### GIVEN RECORDS
....
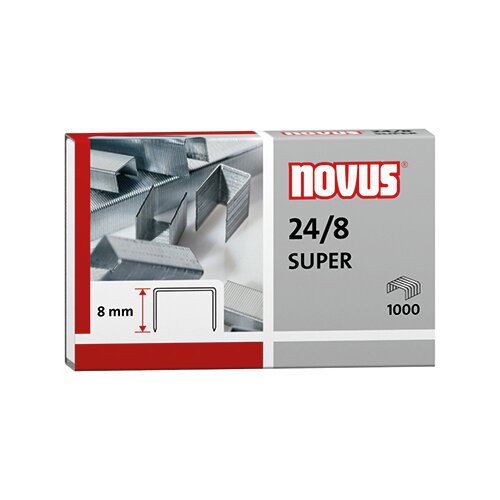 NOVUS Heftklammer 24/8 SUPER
....
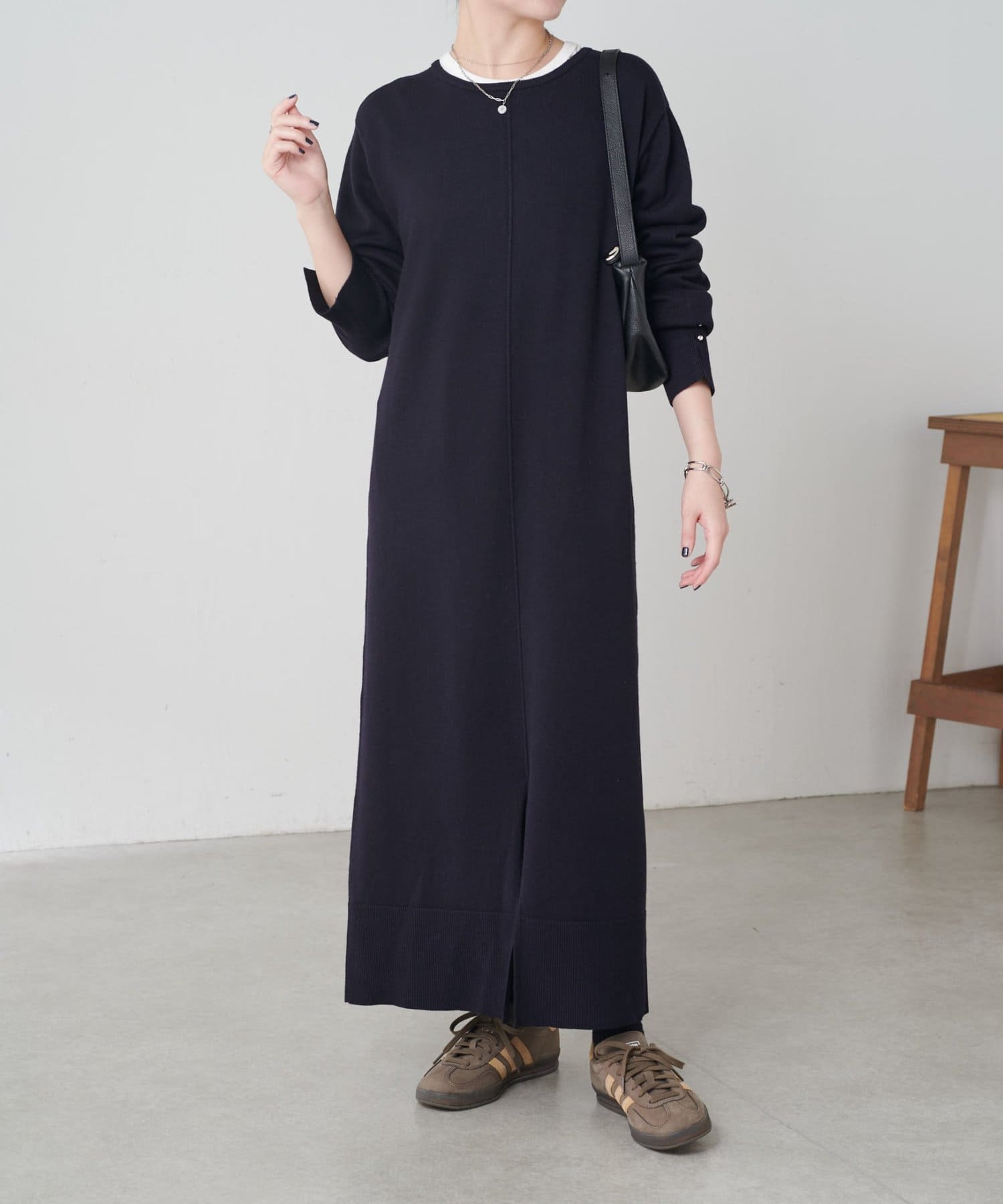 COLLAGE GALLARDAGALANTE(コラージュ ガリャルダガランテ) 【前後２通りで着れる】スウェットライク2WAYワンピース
....
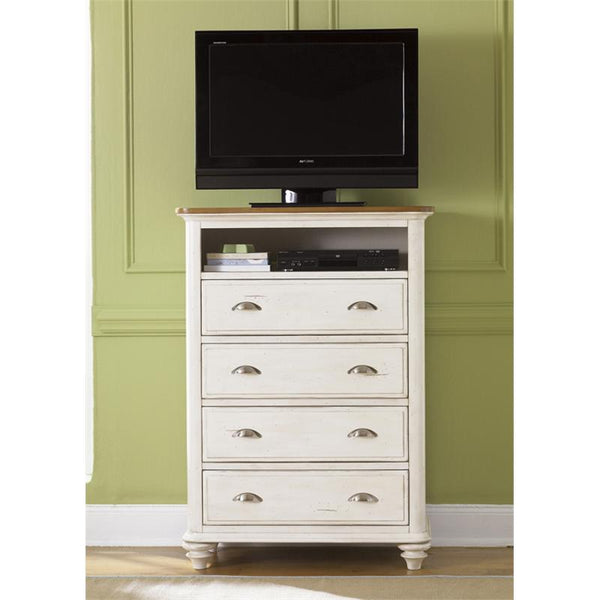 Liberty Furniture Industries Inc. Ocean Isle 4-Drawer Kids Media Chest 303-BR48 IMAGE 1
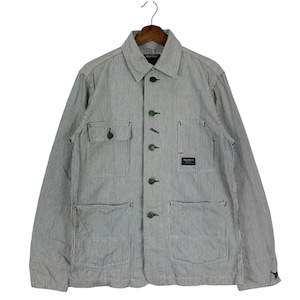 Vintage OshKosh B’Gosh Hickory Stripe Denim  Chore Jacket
....
### YOUR ASSIGNMENT
The output is the stretch above from the line with "Liberty Furniture Industries" through the line with "Vintage OshKosh B’Gosh", copied word for word with both ends kept and every picture dropped.

### WRITTEN ANSWER
 Liberty Furniture Industries Inc. Ocean Isle 4-Drawer Kids Media Chest 303-BR48 IMAGE 1
 Vintage OshKosh B’Gosh Hickory Stripe Denim  Chore Jacket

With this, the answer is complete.